大和 究彰さん(以下、大和):現在、代表を務めている井本の社長就任以前から、システムの導入や、それらの活用による業務の効率化に積極的に取り組んでいました。社内のチャットツール、Googleワークスペースを使った共同編集など、コラボレーションしやすい業務の仕組み作りを、随時進めていました。
私は元々、当社では総務や経営管理に携わってきて、勤怠管理システムなど、システム導入にもいくつか関わってきました。決裁ツールなどグループ全体のバックヤード、そしてフロントエンドもシステムが一通り揃った状態で、2023年6月からDX推進室で業務を行っています。
ーDX推進室ではこれまでどのような施策に取り組んできたのでしょうか。
大和:DX推進室に配属されて、即システム導入を進めたわけではなく、まず初めに業務マニュアルの作成を行いました。新入社員の定着率の向上や、いかにスピード感をもって一人前になってもらうか、即戦力化していくかが、労働集約的な運送業にとっては必要なことでした。業務の「見える」化に着手することで、非効率な業務がどこにあるのかを洗い出し、結果として、何をシステム化するか選定していく流れとなりました。
運送業でのシステム導入はまだまだこれからというところなのですが、キチナントランスポートでは、配車から請求、台帳管理まで一括で管理できる、トータルでパッケージされたクラウドシステムを導入しています。

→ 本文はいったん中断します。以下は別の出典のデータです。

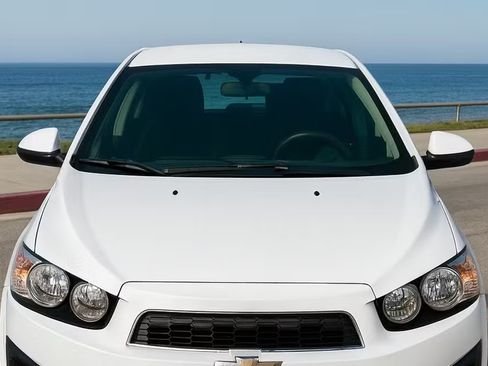 Used 2016 Chevrolet Sonic LT image 6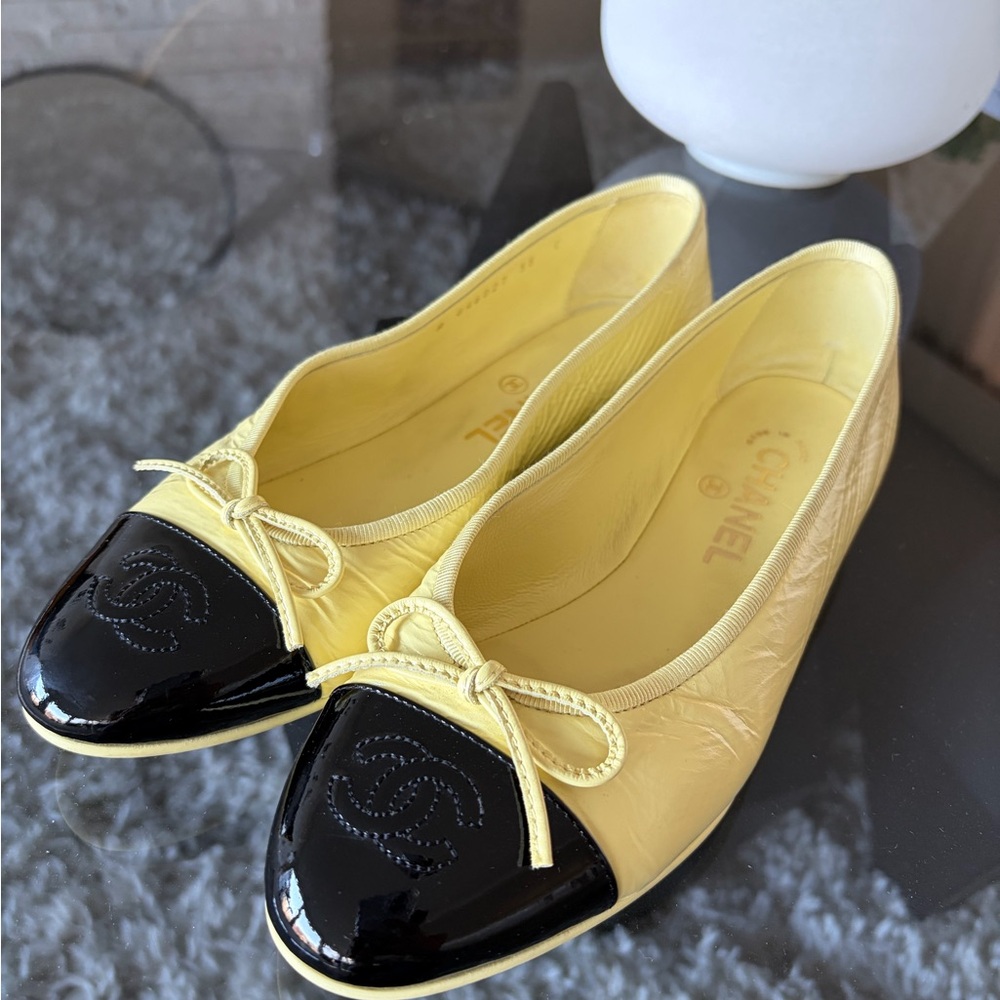 CHANEL Yellow and Black Flats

マニュアル作成を行っていた際に、配車業務が負荷の大きい作業として挙がったことが導入の背景にあります。
というのも、従来の配車業務では、Googleスプレッドシートを4,5つ使って配車などの情報を転記していて、作業に必要な情報やデータが一元化されていませんでした。長期的な配車の管理、月次で確認する1日1日の案件管理、ドライバー一人ひとりがどこを回るかの配車表、お客様に提出する車番の連絡票…さらに請求書など、全てが分散された状態だったんです。
配車担当者が配車の情報を入力すれば、すべて網羅できる仕組みにしたことで、業務負荷を大きく軽減することができました。
ー現場からは良いフィードバックが得られましたか?
大和:目に見えて成果が出ましたね。キチナントランスポートの配車担当者は、いかにドライバーさんを大事にするか、ケアに時間をかけているので、業務がスムーズに進行できるようになったことは、会社全体に貢献していると感じています。
配車担当は従来、ドライバーがどの経路でどれくらいの時間をかけて回るのか熟知している、経験豊富なベテラン従業員が行うことが多かったのですが、キチナンロジスティクスでは大卒の新入社員が配車を担当することもあります。
これからはキチナンロジスティクスでも、新入社員が安心して業務を進められるシステムを構築することで、定着率の向上や業務負荷の低減に繋げていきたいです。